I work predominantly with young mothers. It’s incredibly important for me to recognise the signs of domestic abuse and to know how to best respond when a disclosure is made - I’d estimate that just over a third of the young people I work with are survivors of domestic abuse. I knew a little about domestic and sexual violence before I joined the London Champions programme but I was unaware of the scale of the problem.
Becoming a champion involved attending three full days of training around domestic abuse. For me, becoming a champion also involved taking the lead on this area within my service. Once you become a champion, you also become part of a wider network of individuals who have received the same training and have the opportunity to meet up at quarterly networking events.

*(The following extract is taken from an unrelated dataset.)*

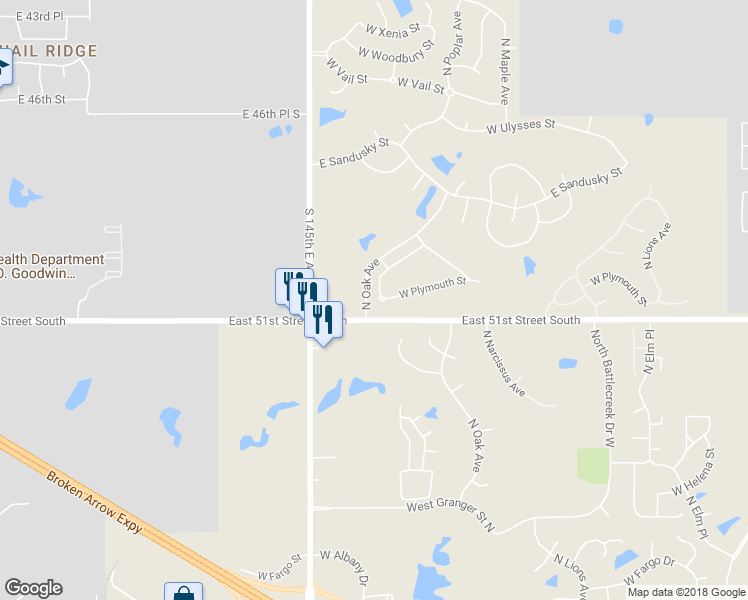 map of restaurants, bars, coffee shops, grocery stores, and more near 3904 North Pine Avenue in Broken Arrow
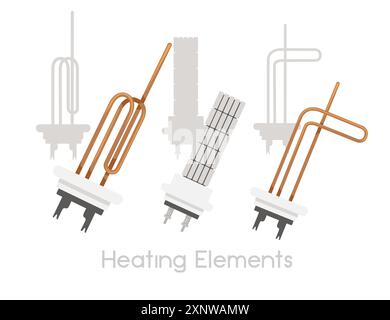 Set of various heating elements used in water heaters. Wet and dry heater element. Bent copper tube. Vector illustration isolated on white background Stock Vector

One of the main takeaways for me is that domestic abuse can affect anyone, regardless of age, gender, sexuality, religion or profession. We discussed in detail the reasons why it might be difficult for a survivor to seek help or to leave and this has helped me to have a far better understanding of why some of the young people I work with have stayed in abusive relationships.
Becoming a Solace Champion has given me so much more confidence when faced with disclosures. I’ve been given practical tools to use with clients to help them to explore what makes a relationship healthy or unhealthy. These tools make talking about domestic abuse so much easier and I see myself using them a lot in my current role.
The Network events are always interesting. They’re a great way to further your knowledge and to stay in touch with colleagues across the sector who have a similar interest in providing clients with consistent and high-quality support, information and advice around domestic abuse. Most recently I attended a Network event that focused on the psychological impact of rape and sexual assault on survivors.
If you do a frontline role, you will undoubtedly work with people who have experienced, or are at risk of experiencing, domestic abuse. It’s therefore essential that you know how to help survivors. The training is also extremely interesting – I’d thoroughly recommend it.